I am trying to get to grips with multiprocessing in Python. I started by creating this code. It simply computes cos(i) for integers i and measures the time taken when one uses multiprocessing and when one does not. I am not observing any time difference. Here is my code:
import multiprocessing
from multiprocessing import Pool
import numpy as np
import time
def tester(num):
return np.cos(num)
if __name__ == '__main__':
starttime1 = time.time()
pool_size = multiprocessing.cpu_count()
pool = multiprocessing.Pool(processes=pool_size,
)
pool_outputs = pool.map(tester, range(5000000))
pool.close()
pool.join()
endtime1 = time.time()
timetaken = endtime1 - starttime1
starttime2 = time.time()
for i in range(5000000):
tester(i)
endtime2 = time.time()
timetaken2 = timetaken = endtime2 - starttime2
print( 'The time taken with multiple processes:', timetaken)

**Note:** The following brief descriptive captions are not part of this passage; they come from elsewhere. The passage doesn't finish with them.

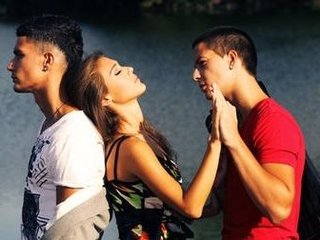 Фотографија на профилот 3somesexy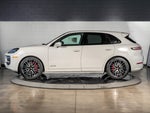 2026 Porsche Cayenne Gts GTS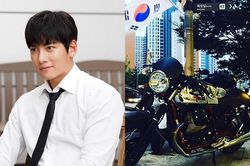 Không chỉ đẹp trai, tài tử Ji Chang Wook còn hút hồn fan nữ nhờ thú chơi 'sang' này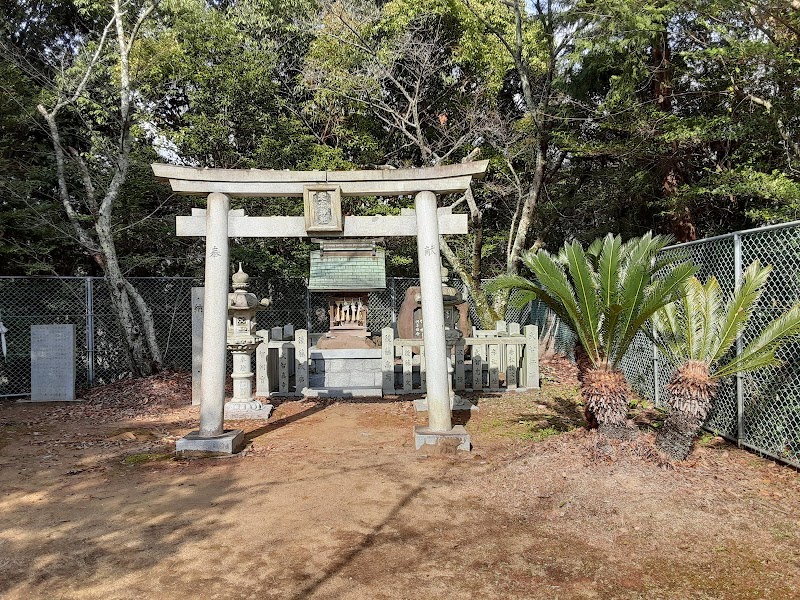 愛宕神社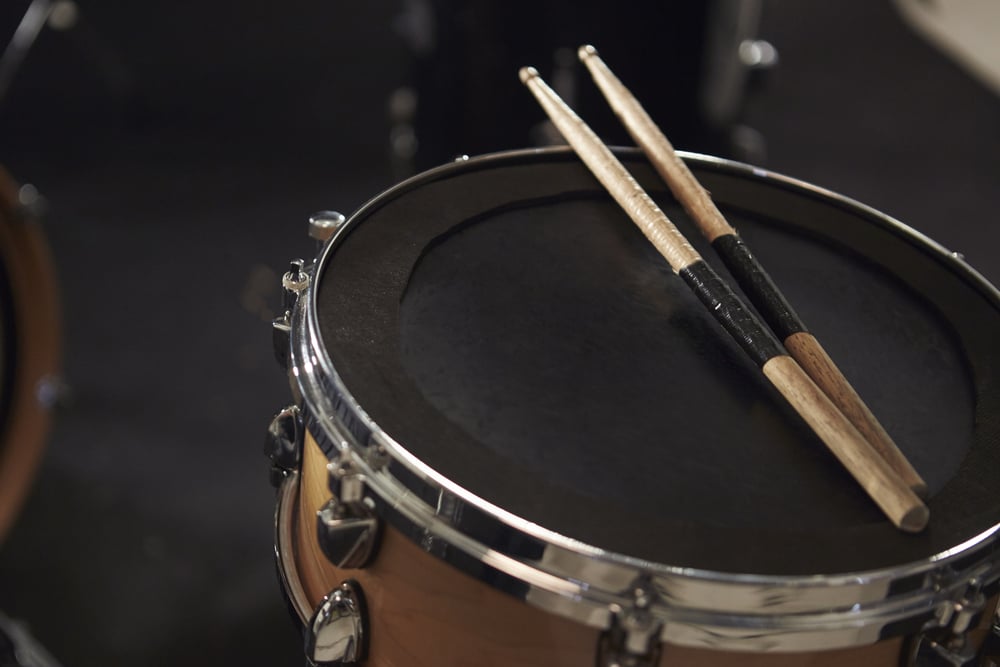 How to choose drumsticks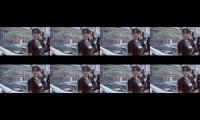Mr Ziell - Jual mahal (Official Music Video)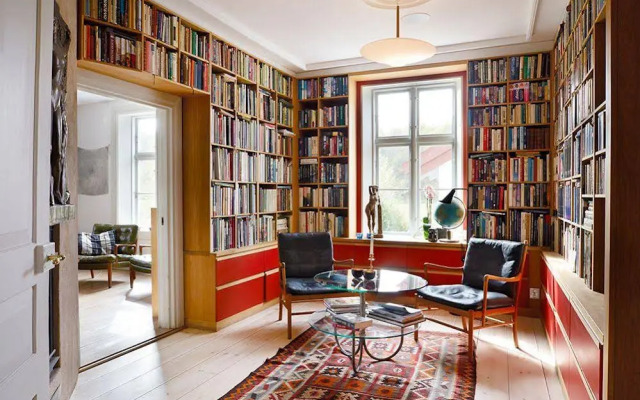 Tomarp Gårdshotell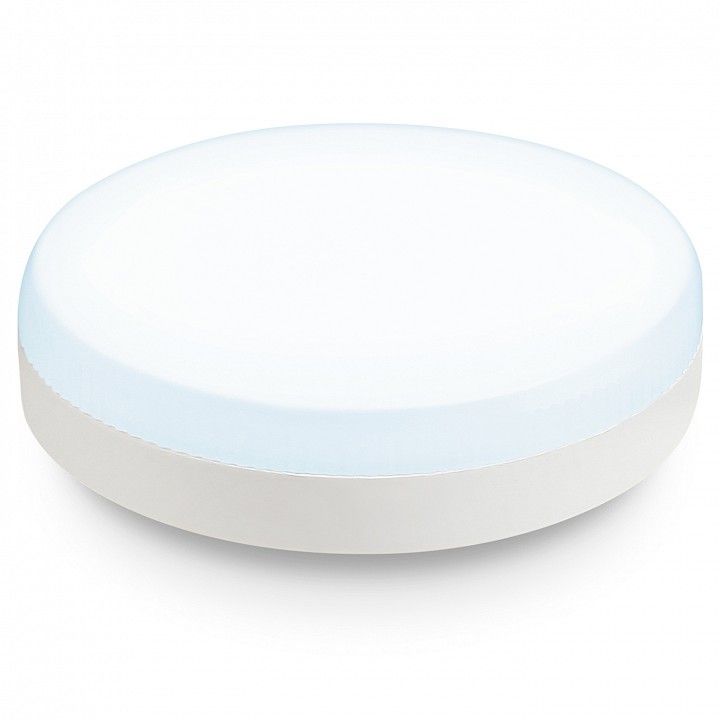 Лампа светодиодная Ambrella Light GX53 GX53 12Вт 6400K 531206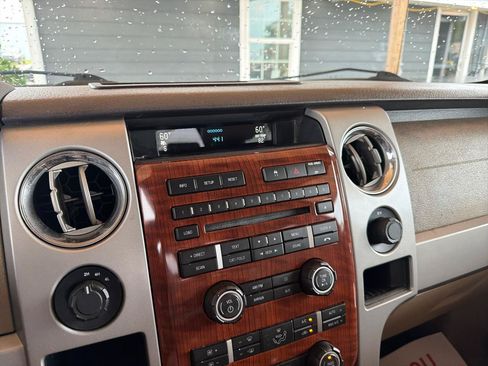 Used 2009 Ford F150 Lariat AWD/4WD image 16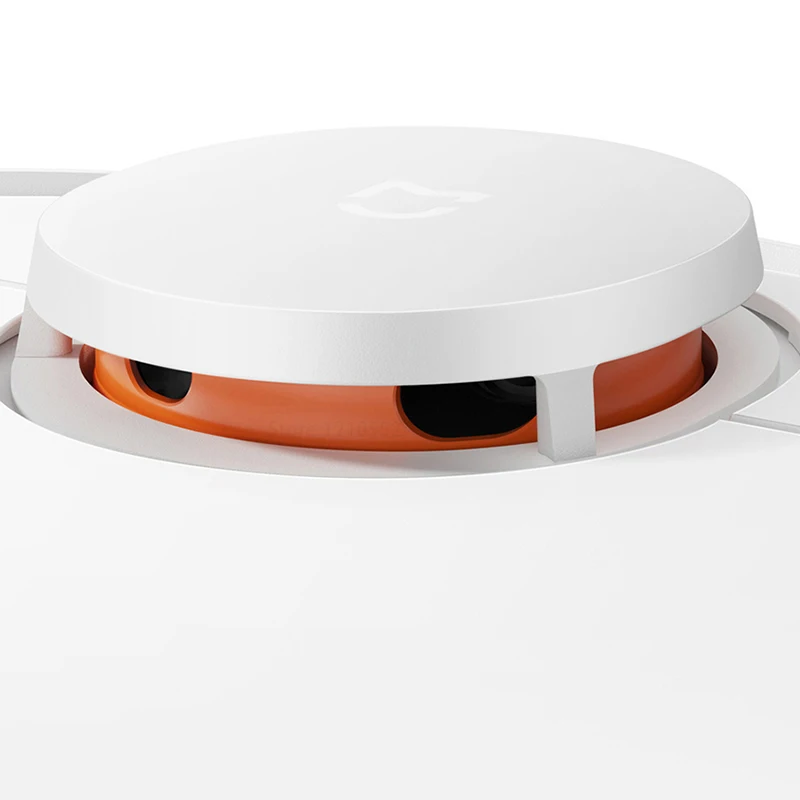 XIAOMI MIJIA Робот-пылесос 3C B106CN 4000Pa Умная бытовая техника LDS Лазерный навигатор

print( 'The time taken the usual way:', timetaken2)
I am observing no (or very minimal) difference between the two times measured. I am using a machine with 8 cores, so this is surprising. What have I done incorrectly in my code?
Note that I learned all of this from this. http://pymotw.com/2/multiprocessing/communication.html
I understand that "joblib" might be more convenient for an example like this, but the ultimate thing that this needs to be applied to does not work with "joblib".